- **What is needed**: Only the lines from the first line of the material below to the line containing "دولت باید لایحه", inclusive, should be copied, each exactly as written.
(Material provided)
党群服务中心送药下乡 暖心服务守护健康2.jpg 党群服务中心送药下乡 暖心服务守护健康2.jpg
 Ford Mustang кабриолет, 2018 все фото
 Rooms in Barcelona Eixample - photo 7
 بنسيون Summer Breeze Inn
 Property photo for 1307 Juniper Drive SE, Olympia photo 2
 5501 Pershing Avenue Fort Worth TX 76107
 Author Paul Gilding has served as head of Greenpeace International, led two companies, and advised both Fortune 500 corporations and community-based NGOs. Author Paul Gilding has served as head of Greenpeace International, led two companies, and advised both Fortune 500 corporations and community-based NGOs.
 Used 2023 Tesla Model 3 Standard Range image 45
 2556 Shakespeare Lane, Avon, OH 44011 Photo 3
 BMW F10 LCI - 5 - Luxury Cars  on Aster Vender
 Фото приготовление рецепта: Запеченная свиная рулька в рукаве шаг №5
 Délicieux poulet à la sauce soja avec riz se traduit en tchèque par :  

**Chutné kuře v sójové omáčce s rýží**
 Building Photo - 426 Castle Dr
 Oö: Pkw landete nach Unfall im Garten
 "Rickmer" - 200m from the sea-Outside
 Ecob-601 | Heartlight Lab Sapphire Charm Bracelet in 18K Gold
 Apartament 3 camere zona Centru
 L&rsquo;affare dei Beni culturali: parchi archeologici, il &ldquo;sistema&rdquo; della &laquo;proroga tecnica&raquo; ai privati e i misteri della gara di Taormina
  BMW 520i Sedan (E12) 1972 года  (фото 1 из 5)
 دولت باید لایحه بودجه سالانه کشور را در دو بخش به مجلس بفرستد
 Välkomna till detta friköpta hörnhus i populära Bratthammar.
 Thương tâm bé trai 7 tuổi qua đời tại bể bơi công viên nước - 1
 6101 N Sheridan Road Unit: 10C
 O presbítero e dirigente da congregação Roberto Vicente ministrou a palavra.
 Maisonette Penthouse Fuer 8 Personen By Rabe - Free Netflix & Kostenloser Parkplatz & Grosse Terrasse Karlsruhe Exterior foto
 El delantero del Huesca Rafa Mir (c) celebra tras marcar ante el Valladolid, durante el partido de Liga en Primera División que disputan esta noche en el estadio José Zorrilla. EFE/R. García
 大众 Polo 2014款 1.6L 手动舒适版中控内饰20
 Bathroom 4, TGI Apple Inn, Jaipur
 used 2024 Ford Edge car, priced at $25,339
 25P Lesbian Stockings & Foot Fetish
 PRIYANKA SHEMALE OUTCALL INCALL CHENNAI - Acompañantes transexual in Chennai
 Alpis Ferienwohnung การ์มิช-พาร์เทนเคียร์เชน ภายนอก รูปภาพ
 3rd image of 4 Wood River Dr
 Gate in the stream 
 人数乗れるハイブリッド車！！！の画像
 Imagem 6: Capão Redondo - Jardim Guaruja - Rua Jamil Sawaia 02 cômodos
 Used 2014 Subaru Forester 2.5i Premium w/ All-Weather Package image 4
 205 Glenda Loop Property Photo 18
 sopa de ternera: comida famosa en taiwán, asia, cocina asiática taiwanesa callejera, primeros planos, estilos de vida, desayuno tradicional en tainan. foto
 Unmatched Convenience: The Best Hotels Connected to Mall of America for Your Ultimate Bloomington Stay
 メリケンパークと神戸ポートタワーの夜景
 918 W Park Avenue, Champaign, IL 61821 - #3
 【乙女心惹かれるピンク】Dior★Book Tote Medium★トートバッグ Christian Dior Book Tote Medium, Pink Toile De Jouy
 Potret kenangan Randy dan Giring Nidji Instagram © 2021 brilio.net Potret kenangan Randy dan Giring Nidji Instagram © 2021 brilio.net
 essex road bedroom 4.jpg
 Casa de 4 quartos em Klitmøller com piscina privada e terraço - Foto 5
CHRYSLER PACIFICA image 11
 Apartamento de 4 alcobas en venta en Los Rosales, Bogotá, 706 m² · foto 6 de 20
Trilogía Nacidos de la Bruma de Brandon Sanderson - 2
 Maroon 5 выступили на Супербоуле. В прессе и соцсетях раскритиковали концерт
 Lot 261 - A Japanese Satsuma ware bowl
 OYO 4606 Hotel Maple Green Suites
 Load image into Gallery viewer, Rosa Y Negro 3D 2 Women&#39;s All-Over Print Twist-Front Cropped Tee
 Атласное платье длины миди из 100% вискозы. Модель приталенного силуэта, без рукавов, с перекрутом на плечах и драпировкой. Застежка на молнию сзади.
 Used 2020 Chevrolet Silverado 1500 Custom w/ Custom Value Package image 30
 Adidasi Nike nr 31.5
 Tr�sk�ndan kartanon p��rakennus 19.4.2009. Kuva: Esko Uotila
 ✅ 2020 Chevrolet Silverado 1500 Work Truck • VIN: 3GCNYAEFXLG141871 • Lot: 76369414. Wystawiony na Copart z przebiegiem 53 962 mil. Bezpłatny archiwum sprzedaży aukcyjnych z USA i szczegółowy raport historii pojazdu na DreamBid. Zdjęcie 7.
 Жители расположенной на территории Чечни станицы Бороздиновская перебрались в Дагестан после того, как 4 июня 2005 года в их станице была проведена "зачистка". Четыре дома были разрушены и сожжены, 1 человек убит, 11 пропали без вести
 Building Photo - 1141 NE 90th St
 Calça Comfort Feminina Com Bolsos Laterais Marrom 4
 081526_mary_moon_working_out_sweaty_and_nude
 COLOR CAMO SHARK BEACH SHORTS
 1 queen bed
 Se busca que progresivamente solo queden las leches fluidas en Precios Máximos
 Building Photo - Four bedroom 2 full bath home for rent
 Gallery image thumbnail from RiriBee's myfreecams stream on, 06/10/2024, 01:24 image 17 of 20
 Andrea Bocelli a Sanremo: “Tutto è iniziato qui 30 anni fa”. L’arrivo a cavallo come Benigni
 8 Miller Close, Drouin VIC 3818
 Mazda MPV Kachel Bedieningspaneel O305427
(End Material provided)
- **Exercise solution**:
党群服务中心送药下乡 暖心服务守护健康2.jpg 党群服务中心送药下乡 暖心服务守护健康2.jpg
 Ford Mustang кабриолет, 2018 все фото
 Rooms in Barcelona Eixample - photo 7
 بنسيون Summer Breeze Inn
 Property photo for 1307 Juniper Drive SE, Olympia photo 2
 5501 Pershing Avenue Fort Worth TX 76107
 Author Paul Gilding has served as head of Greenpeace International, led two companies, and advised both Fortune 500 corporations and community-based NGOs. Author Paul Gilding has served as head of Greenpeace International, led two companies, and advised both Fortune 500 corporations and community-based NGOs.
 Used 2023 Tesla Model 3 Standard Range image 45
 2556 Shakespeare Lane, Avon, OH 44011 Photo 3
 BMW F10 LCI - 5 - Luxury Cars  on Aster Vender
 Фото приготовление рецепта: Запеченная свиная рулька в рукаве шаг №5
 Délicieux poulet à la sauce soja avec riz se traduit en tchèque par :  

**Chutné kuře v sójové omáčce s rýží**
 Building Photo - 426 Castle Dr
 Oö: Pkw landete nach Unfall im Garten
 "Rickmer" - 200m from the sea-Outside
 Ecob-601 | Heartlight Lab Sapphire Charm Bracelet in 18K Gold
 Apartament 3 camere zona Centru
 L&rsquo;affare dei Beni culturali: parchi archeologici, il &ldquo;sistema&rdquo; della &laquo;proroga tecnica&raquo; ai privati e i misteri della gara di Taormina
  BMW 520i Sedan (E12) 1972 года  (фото 1 из 5)
 دولت باید لایحه بودجه سالانه کشور را در دو بخش به مجلس بفرستد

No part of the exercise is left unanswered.